By Jessica I. Marschall, CPA, December 6th, 2025

Pass-Through Entity Tax (PTET) elections remain one of the most significant state tax planning mechanisms available to partnerships and S corporations following changes to federal itemized deduction limitations. Understanding how PTET operates at both the entity and individual level is essential for tax planning, particularly for high-income taxpayers in states with significant income tax rates.

The Origin and Purpose of PTET

PTET elections emerged as a response to the $10,000 limitation on state and local tax (SALT) deductions imposed by the Tax Cuts and Jobs Act of 2017. This limitation applies to individual taxpayers claiming itemized deductions on Schedule A of Form 1040, significantly affecting taxpayers in states with high income tax rates.

Because the SALT cap applies only to individuals and not to business entities, states began enacting legislation allowing pass-through entities to elect entity-level taxation.
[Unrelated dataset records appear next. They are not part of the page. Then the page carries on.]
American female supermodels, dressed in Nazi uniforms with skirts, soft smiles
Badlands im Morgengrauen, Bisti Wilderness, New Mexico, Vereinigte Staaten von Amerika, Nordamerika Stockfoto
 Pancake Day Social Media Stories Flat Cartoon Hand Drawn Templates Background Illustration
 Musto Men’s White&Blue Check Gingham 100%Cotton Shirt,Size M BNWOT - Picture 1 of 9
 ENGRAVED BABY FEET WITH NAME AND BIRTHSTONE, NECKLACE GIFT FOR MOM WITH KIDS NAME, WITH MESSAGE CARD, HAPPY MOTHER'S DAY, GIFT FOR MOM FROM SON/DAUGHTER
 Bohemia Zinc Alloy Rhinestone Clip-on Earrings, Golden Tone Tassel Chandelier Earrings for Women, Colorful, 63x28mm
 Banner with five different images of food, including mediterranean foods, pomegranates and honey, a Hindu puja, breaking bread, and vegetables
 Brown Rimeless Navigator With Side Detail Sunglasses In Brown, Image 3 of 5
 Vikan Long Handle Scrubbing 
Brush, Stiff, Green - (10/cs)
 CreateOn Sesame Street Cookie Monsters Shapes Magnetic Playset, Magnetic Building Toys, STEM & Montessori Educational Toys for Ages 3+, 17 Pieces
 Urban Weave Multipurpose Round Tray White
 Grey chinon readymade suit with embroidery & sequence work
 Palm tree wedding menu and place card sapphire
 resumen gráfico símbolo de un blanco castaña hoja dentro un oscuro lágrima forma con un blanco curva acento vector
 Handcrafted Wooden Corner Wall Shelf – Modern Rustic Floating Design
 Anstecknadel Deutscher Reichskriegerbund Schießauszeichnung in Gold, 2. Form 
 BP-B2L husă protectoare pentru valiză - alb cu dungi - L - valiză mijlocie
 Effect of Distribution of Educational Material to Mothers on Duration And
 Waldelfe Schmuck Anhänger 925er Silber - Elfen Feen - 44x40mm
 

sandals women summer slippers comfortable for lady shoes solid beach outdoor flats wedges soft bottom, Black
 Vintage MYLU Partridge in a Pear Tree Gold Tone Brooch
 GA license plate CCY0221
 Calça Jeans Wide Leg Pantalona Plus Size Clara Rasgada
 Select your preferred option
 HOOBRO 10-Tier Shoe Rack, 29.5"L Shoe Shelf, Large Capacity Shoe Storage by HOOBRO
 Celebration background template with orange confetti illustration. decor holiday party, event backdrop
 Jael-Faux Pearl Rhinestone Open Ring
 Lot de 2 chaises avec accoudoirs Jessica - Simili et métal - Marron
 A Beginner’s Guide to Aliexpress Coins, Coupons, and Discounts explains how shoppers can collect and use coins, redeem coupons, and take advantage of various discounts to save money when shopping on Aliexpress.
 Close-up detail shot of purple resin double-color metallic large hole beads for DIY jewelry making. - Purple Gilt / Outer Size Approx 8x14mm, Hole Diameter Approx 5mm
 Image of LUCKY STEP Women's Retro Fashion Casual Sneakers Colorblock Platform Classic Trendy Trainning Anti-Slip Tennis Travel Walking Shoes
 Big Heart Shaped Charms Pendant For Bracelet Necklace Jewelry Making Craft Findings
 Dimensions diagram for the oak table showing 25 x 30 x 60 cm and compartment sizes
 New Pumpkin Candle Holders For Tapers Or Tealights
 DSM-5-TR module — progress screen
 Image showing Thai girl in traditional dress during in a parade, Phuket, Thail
Under these regimes, partnerships and S corporations pay state income tax directly at the entity level rather than passing the tax liability through to partners or shareholders.

The entity-level payment generates a federal business deduction under Section 164, reducing the entity’s ordinary business income. This deduction flows through to owners on Schedule K-1, reducing their federal taxable income without being subject to the individual SALT cap limitation.

How PTET Functions at the Entity Level

When a partnership or S corporation elects PTET:

  1. The entity calculates its state-source income subject to state taxation
  2. The entity pays state income tax directly to the applicable state
  3. The state tax payment is deducted as an ordinary business expense on the entity’s federal return (Form 1065 for partnerships, Form 1120-S for S corporations)
  4. This deduction reduces the entity’s ordinary business income
  5. The reduced income flows through to partners or shareholders on their respective Schedule K-1

The federal deduction is not limited by the SALT cap because it occurs at the entity level as a business expense, not at the individual level as an itemized deduction.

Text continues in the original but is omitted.